Journal eglamkowski's Journal: slashdot cookbook 2
More indian, more chicken. Today it's a facsimile of tandoori chicken! Not cooked in the right kind of oven, but few people just so happen to have a tandoori oven in their homes.
4 chicken quarters
3/4 cup plain low-fat yogurt
1 teaspoon garam marsala
1 teaspoon ginger pulp
1 teaspoon garlic pulp
1.5 teaspoons chilli powder
1/4 teaspoon turmeric
1 teaspoon ground coriander
1 tablespoon lemon juice
1 teaspoon salt
A few drops of red food coloring
2 tablespoons corn oil
1) Skin, rinse and pat dry the chicken. Make 2 slits into the flesh of each piece, place in a dish and set aside.

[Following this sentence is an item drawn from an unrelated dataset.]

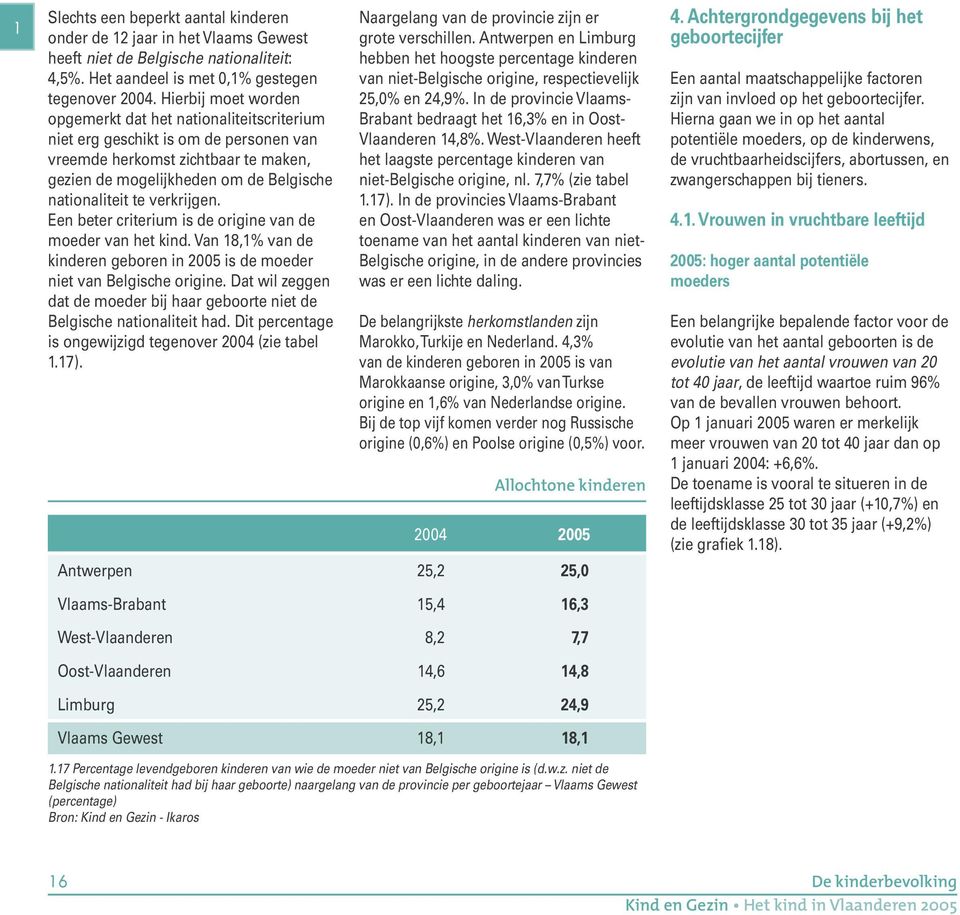 verkrijgen. Een beter criterium is de origine van de moeder van het kind. Van 18,1% van de kinderen geboren in 2005 is de moeder niet van Belgische origine.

2) Mix together all the other ingredients until well blended.
3) Cover the chicken with the mixture and marinate for 3 hours.
4) Preheat the oven to 475F (240C for you Europeans...). Transfer the chicken to a ovenproof dish.
5) Bake in the preheated oven for 20 to 25 minutes or until the chicken is cooked through and browned on top.
Garnish with tomato and lime.
Or not.
I skipped on adding the red dye. Won't look quite as authentic without it, but eh, whatever.
1 teaspoon of white vinegar can be substituted for 1 tablespoon of lemon or lime juice, which is what I usually end up doing.